Quelle intensité dans les émotions cherchez-vous ? Où placez-vous le curseur ?
Jeanne Herry : En fait, les émotions, je ne sais pas trop ce que ça va produire sur les gens. Moi généralement, je ne suis pas très émue pendant les tournages. Je suis plus émue à l'écriture du scénario. Souvent, je suis très émotive, je pleure, je tremble, je suis un peu à l'intérieur de mes personnages. Après pendant les tournages, je suis très vigilante, je suis assez peu émue. Ça peut m'arriver hein, d'être chopée par un moment ou par une incarnation, mais j'ai un peu un coeur de pierre quoi. Et puis après ça revient, mais plus tard.
Ce que je sais, c'est ce qui ne me touche pas. Donc ça m'arrive de retenir les larmes des acteurs par exemple, parce que je considère que ce n'est pas intéressant, que ce n'est pas juste. J'ai beaucoup beaucoup regardé des gens témoigner, se raconter, raconter... Que ce soit des gens qui racontent les camps de concentration, ou des gens qui racontent les violences conjugales, ou des gens qui racontent la guerre, ils ne pleurent pas beaucoup. De temps en temps, le fait de dire déclenche aussi les larmes. Mais généralement ils s'efforcent de les retenir, déjà, ce qui est très très émouvant je trouve.

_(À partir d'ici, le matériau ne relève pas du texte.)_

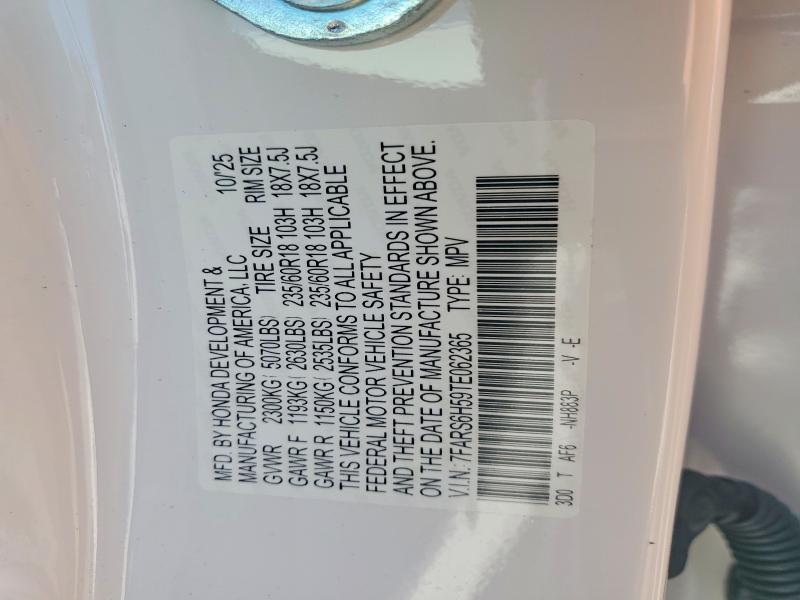 48181566 :رقم المزاد ، 7FARS6H59TE062365 vin ، 2026 Honda Cr-v مزاد بيع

Donc en fait je ne suis pas pour tirer les larmes des acteurs à tout prix parce que je ne trouve pas ça émouvant. Par contre, quand elles sortent au bon moment, alors ça, ça ravage. On a essayé collectivement de faire en sorte qu'elles ne sortent que quand c'est impossible pour le personnage de les retenir, quelque part.
Le film est rempli de scènes très intenses. Est-ce que certaines ont été plus difficiles à tourner que d'autres ?
Jeanne Herry : En règle générale c'est vrai, vous avez raison, il y a une intensité dans le film qui était là pendant le scénario, qui était là pendant la documentation, qui est là depuis Pupille en fait dans ma vie professionnelle et dans les récits que j'ai envie de raconter, des gens dont j'ai envie de parler, les enjeux... Il y a une intensité. Je suis un peu shootée en fait, j'ai l'impression que si je fais des choses moins intenses, je vais m'ennuyer plus. Donc c'est vrai que je vais chercher des trucs super intenses.
En cela, le tournage était relevé tout le temps, c'était intense. Mais c'est très joyeux quand même, on a beaucoup ri. C'est vrai que la scène, dont on ne peut pas trop parler parce qu'on ne va pas spoiler, mais la scène de fin a été la plus intense, la plus difficile, pas douloureuse mais difficile. Pour le coup, j'avais une tension, une pression à me dire : "Si je rate cette séquence, si elle n'est pas aussi forte que ce que je pense, le film va être un peu boiteux quand même".
Je verrai toujours vos visages est à découvrir au cinéma dès le 29 mars 2023.